The photo is a screenshot of a wind gusts forecast. Florida can be seen at the top right. The large red circle is the Gulf of Mexico. The small white circle shows where we are. The red wind area directly in front of us are the Papagayo winds. The next almost black wind area is a similar effect, but it takes place in Mexico. There, the winds are called Tehuano winds and sweep across the Tehuantepec Gulf. As a small sailboat, you have little choice but to wait for a weather window in which these winds do not arise. If you are under deadline pressure, you should sail as close to the coast as possible, because the further out you are, the more the waves have built up and the storm is joined by heavy swell. By then, at the latest, sailing is no longer fun, even for people who believe 50 knots of wind are not dangerous. The third place where wind from Atlantic systems spills over into the Pacific is in Panama at the canal. We did experience this when we were there, but the wind speeds there were much lower.

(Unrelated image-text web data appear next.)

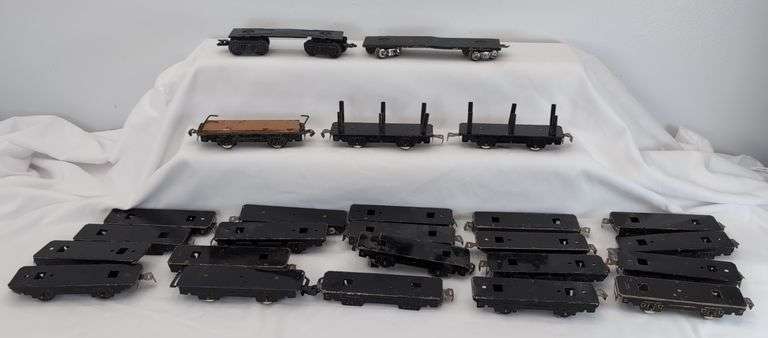 Twenty-five Marx O Gauge flat cars, pipe/log cars, chassis olive drab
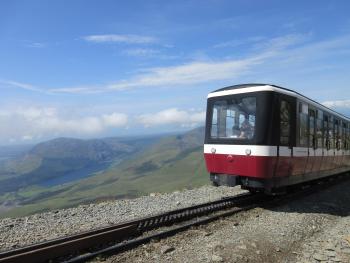 a train, nearing the top of the mountain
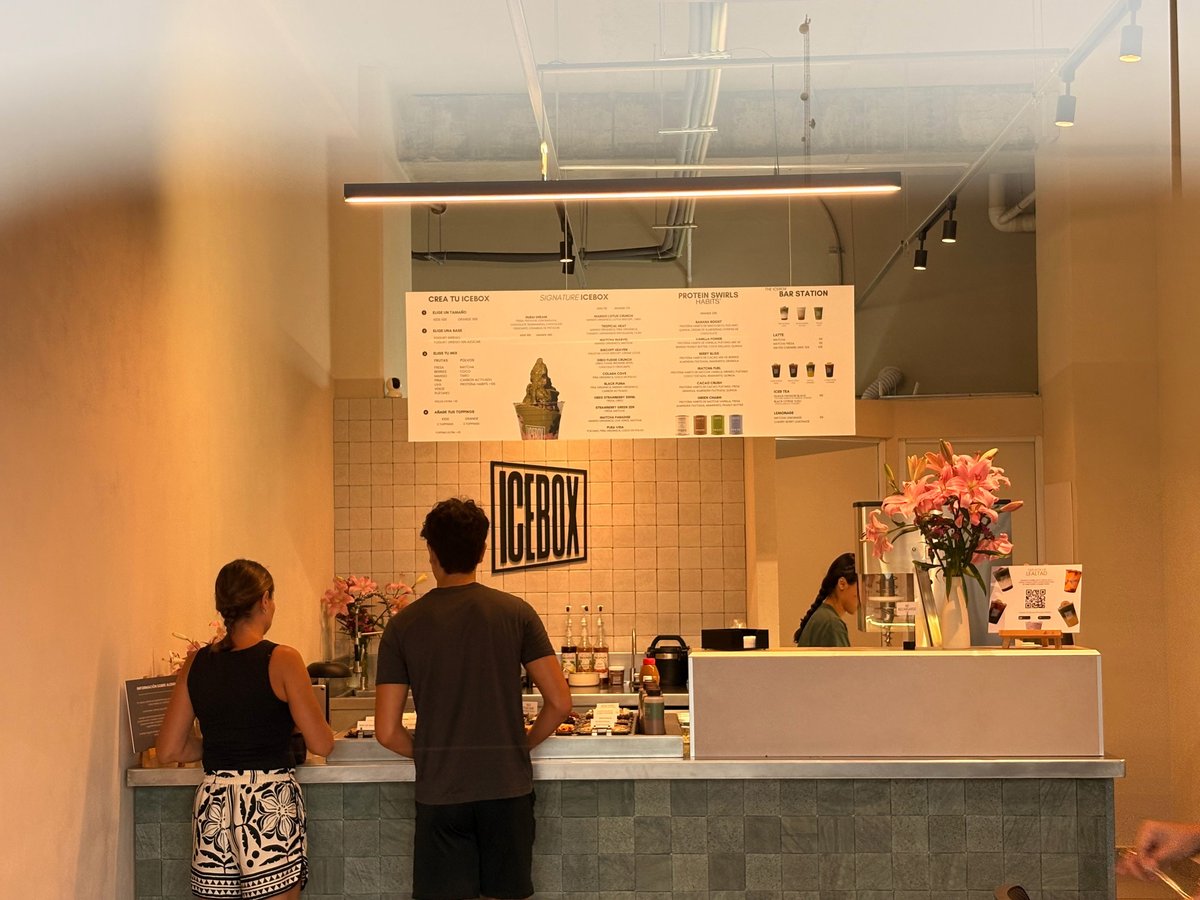 Interior of a modern coffee shop with customers at the counter and a menu board illuminated above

Papagayo winds also mean that in sheltered bays they blow strongly over you every now and then. We had gusts of up to 40 knots while lying at anchor. Then there are also corresponding waves, the water simmers and it is good not to lie too far from the shore. We stayed in Bahia Culebra for a few days. The marina there is called Papagayo, probably because you can wait there until the Papagayo winds die down, or because the area is called “Golfo de Papagayo”. Anyway, we didn’t want to go to the marina yet, but only when we wanted to clear out of Costa Rica. There is not much in the bay except the marina itself. A little further south there is a place with supermarkets called “Playas del Coco”. However, it was not listed as a town on our map, so we drove to Culebra Bay. But we did not like the bay much. Besides the gusts, several “smokers” (= jet skiers) were annoying. (Jet skis are driven by the Smokers in the film “Waterworld” and they are the Badies who fight against the Goodies. The Goodies in the film sail a cool trimaran). One of these Smokers first passed next to us and then very close across our bow as we were anchoring. I had to reduce speed. The lady certainly hadn’t heard of braking distances on the water. A jet ski like that probably tips over from one moment to the next and stops like that. If that had happened when they crossed our path, I would have had to run over the woman and her child. Yes, I’m developing an enemy image. The jet skis are simply no fun for outsiders, they stink and make a lot of noise and you have to be careful not to get run over. They usually circle close around you and create a lot of suction and waves. 🙁

But well, we have moved to the bay at Playas del Coco in the meantime, where it is also rolly and papagayo gusts blow, but there is the village to discover on land. There are many boats in the anchorage and so far only two Smokers in sight.

Coco

Before we could leave Culebra Bay, another problem occurred: when there was still 35 m of chain out, it suddenly stopped and instead of the anchor coming up, the bow tilted to the water surface! Something was obviously stuck. For an hour we went round in circles and back and forth. In our minds we were already wondering if there would be a diver in the Papagayo Marina. The water depth was 12 m, which is too much for us without diving equipment. It was Good Friday, would anyone be available? But luck was with us. After the many turns, the chain could first be moved a little and with further dances finally the anchor came up. There was still a thick rope hanging tautly over the anchor, I wonder what had been lying on the bottom?

We will spend the next time waiting. Waiting for the Papagayo wind to die down, waiting for two packages to arrive, hoping that they arrive at all. Maybe visit another national park. It’s further inland, so we have to find out how to get there and where the boat can lie safely to leave it alone.

We will report back to you on successes and failures.